**What to work on:** From the entries below, return exactly the lines beginning at the one that contains "Жареный сулугуни с брусничным соусом" and ending at the one that contains "Flowers (Sweet Female", both of them included, and only those lines.
▽
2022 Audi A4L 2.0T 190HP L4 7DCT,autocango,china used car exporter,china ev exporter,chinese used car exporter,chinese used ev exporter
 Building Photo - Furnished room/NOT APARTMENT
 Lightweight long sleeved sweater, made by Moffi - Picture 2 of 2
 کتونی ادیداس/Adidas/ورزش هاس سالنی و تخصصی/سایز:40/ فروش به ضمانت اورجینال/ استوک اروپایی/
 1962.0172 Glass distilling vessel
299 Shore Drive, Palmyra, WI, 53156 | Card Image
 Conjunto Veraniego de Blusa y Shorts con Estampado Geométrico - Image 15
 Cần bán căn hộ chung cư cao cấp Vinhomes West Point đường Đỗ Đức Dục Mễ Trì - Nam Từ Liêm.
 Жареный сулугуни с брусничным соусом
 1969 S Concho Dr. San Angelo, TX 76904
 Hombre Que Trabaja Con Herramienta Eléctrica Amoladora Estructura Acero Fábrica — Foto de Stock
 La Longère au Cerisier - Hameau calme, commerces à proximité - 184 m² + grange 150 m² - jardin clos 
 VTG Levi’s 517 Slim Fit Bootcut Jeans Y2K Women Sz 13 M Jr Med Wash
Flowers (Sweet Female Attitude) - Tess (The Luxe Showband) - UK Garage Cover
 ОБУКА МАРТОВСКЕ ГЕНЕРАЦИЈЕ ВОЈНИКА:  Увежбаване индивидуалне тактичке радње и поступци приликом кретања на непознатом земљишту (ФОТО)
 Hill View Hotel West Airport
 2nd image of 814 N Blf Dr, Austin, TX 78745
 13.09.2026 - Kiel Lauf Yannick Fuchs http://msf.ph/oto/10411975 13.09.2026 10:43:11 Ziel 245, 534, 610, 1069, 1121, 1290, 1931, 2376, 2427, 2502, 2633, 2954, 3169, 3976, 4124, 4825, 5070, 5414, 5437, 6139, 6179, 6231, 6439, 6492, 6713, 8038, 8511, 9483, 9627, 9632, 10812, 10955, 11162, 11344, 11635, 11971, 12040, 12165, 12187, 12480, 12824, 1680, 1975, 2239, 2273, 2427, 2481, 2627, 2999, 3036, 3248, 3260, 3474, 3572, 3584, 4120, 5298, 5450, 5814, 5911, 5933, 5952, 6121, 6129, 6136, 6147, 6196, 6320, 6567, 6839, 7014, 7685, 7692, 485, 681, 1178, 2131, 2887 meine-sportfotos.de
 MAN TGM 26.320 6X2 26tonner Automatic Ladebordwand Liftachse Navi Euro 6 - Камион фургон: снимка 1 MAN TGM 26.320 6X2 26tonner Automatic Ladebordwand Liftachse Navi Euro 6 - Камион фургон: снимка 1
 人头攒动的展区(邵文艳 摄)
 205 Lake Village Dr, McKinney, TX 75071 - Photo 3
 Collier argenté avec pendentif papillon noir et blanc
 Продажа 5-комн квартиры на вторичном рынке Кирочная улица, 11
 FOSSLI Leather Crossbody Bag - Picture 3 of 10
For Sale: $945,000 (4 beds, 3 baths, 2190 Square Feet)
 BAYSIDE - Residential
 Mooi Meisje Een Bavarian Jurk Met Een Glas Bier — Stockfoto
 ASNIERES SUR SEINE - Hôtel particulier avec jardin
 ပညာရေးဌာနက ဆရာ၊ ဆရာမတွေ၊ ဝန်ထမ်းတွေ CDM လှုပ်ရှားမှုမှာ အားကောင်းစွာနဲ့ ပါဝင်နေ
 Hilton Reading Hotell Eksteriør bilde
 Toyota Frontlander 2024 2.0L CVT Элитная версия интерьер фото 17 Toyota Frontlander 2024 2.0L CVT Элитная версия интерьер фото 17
△
**Finished task:**
 Жареный сулугуни с брусничным соусом
 1969 S Concho Dr. San Angelo, TX 76904
 Hombre Que Trabaja Con Herramienta Eléctrica Amoladora Estructura Acero Fábrica — Foto de Stock
 La Longère au Cerisier - Hameau calme, commerces à proximité - 184 m² + grange 150 m² - jardin clos 
 VTG Levi’s 517 Slim Fit Bootcut Jeans Y2K Women Sz 13 M Jr Med Wash
Flowers (Sweet Female Attitude) - Tess (The Luxe Showband) - UK Garage Cover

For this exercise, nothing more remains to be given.